START DATA SHOWN

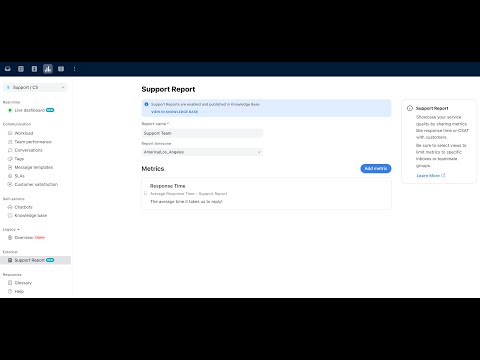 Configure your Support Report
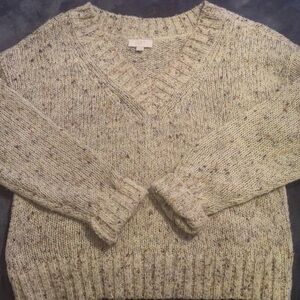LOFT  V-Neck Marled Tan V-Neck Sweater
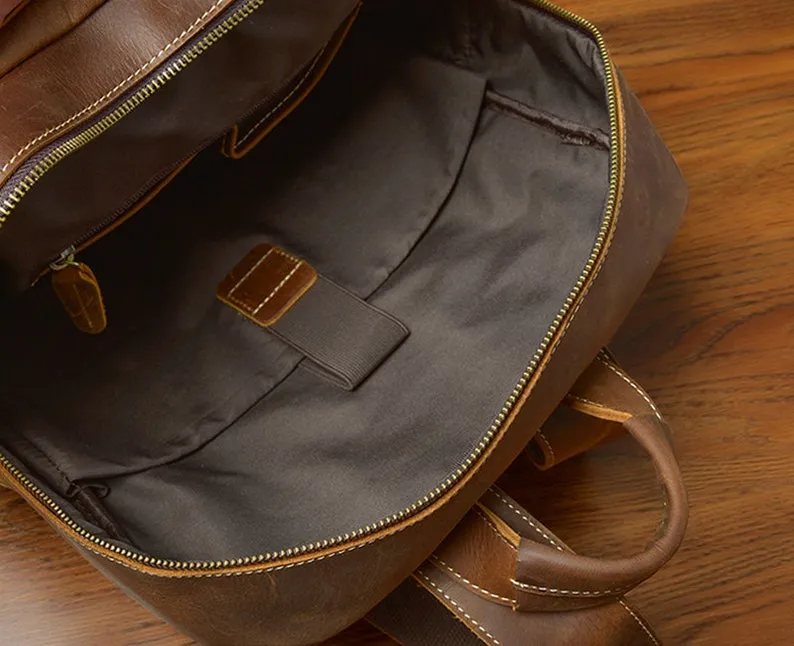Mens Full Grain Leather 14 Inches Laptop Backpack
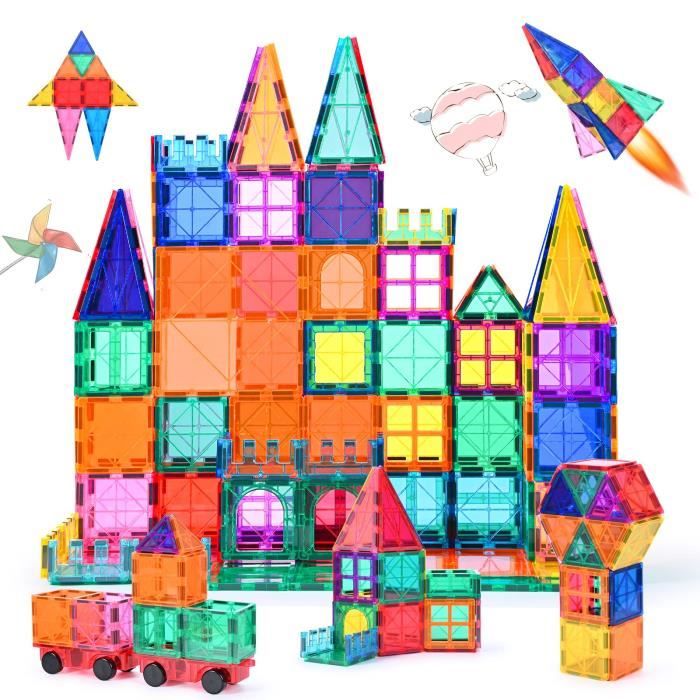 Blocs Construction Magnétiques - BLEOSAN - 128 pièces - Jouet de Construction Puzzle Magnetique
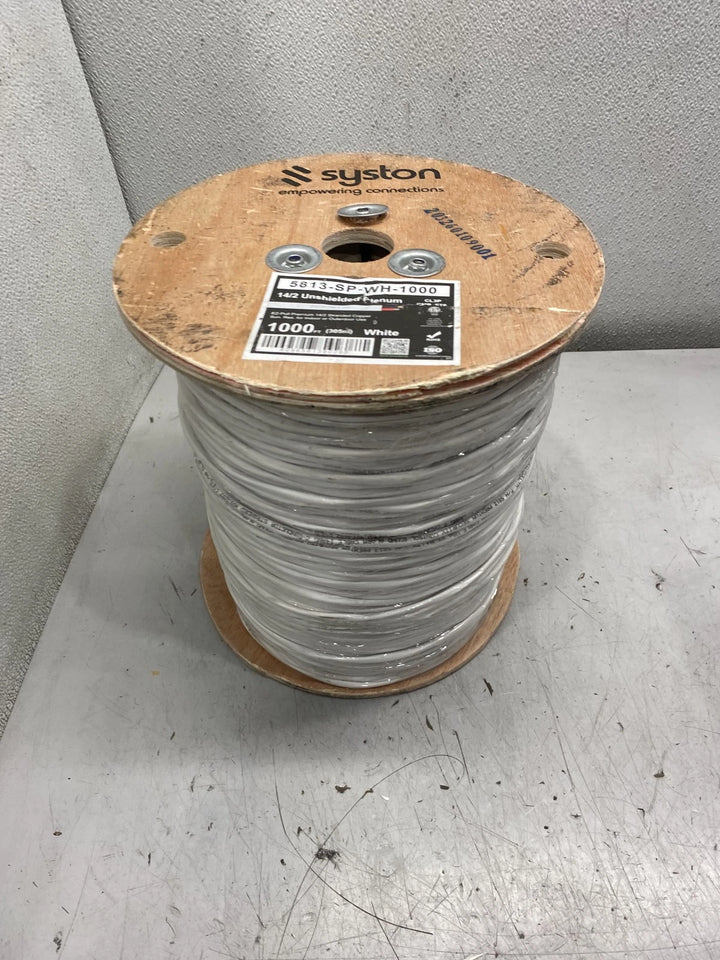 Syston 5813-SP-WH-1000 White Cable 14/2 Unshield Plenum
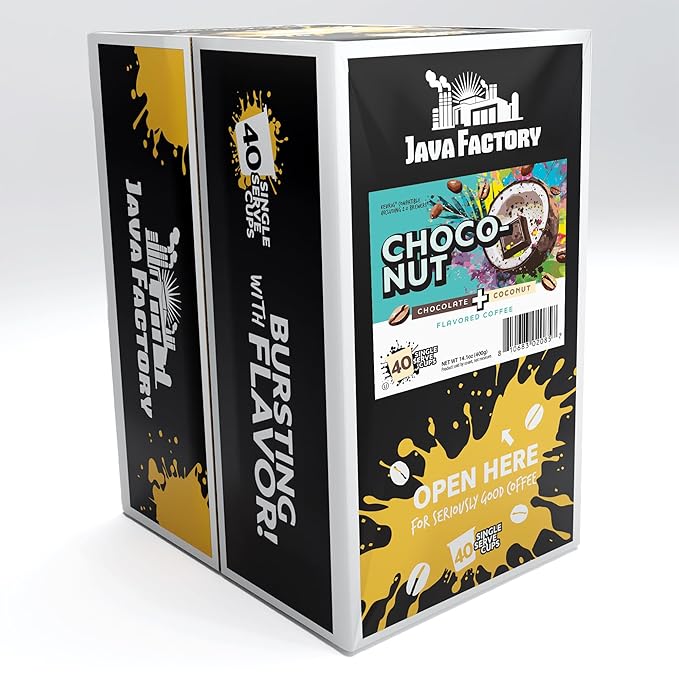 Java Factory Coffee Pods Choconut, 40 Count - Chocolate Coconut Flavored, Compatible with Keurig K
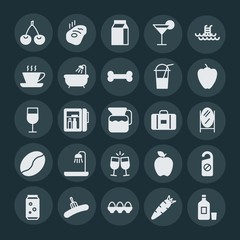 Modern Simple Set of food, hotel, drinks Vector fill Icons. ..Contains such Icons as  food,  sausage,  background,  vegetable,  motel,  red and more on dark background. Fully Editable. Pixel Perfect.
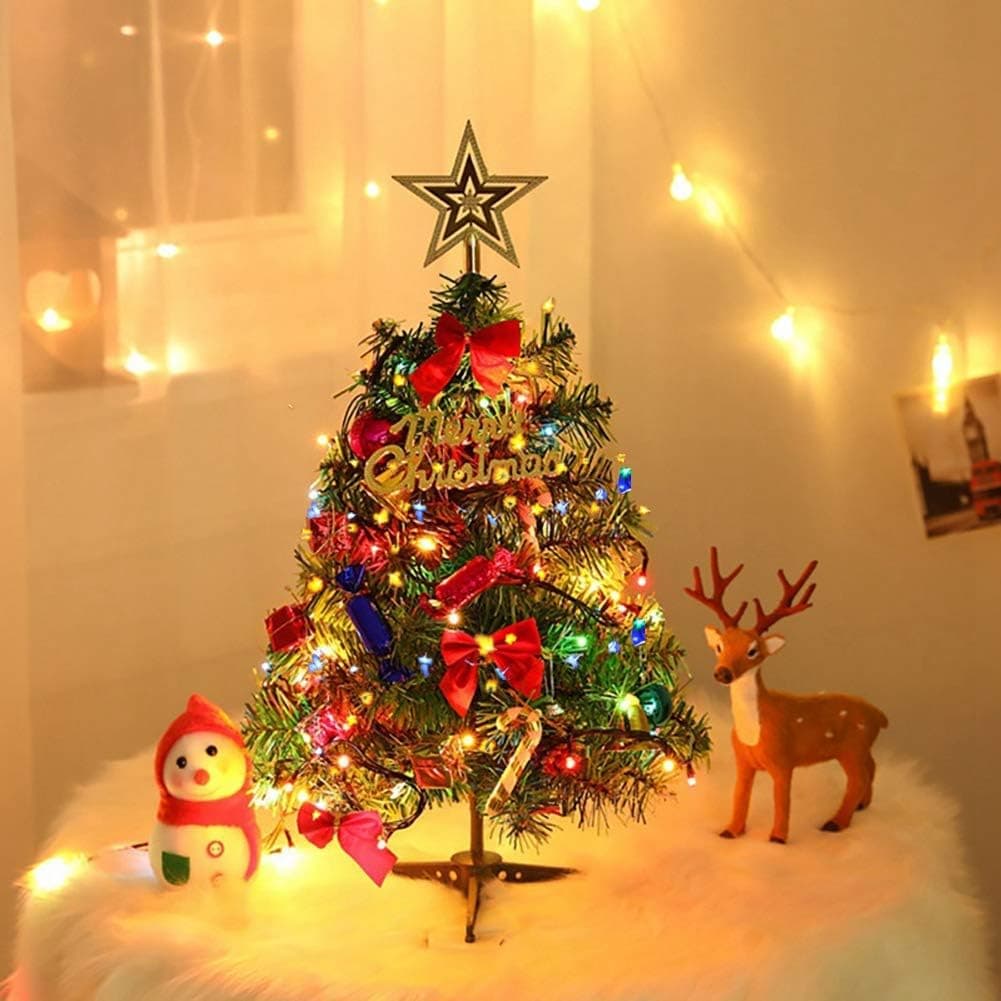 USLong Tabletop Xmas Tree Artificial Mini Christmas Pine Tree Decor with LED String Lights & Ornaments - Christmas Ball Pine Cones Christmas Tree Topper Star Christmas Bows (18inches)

END DATA SHOWN

• [YOUR OBJECTIVE]: Your reply should repeat the entries above exactly, leaving the pictures out.

• [ANSWER SPACE]:
 Configure your Support Report
LOFT  V-Neck Marled Tan V-Neck Sweater
Mens Full Grain Leather 14 Inches Laptop Backpack
 Blocs Construction Magnétiques - BLEOSAN - 128 pièces - Jouet de Construction Puzzle Magnetique
 Syston 5813-SP-WH-1000 White Cable 14/2 Unshield Plenum
 Java Factory Coffee Pods Choconut, 40 Count - Chocolate Coconut Flavored, Compatible with Keurig K
 Modern Simple Set of food, hotel, drinks Vector fill Icons. ..Contains such Icons as  food,  sausage,  background,  vegetable,  motel,  red and more on dark background. Fully Editable. Pixel Perfect.
 USLong Tabletop Xmas Tree Artificial Mini Christmas Pine Tree Decor with LED String Lights & Ornaments - Christmas Ball Pine Cones Christmas Tree Topper Star Christmas Bows (18inches)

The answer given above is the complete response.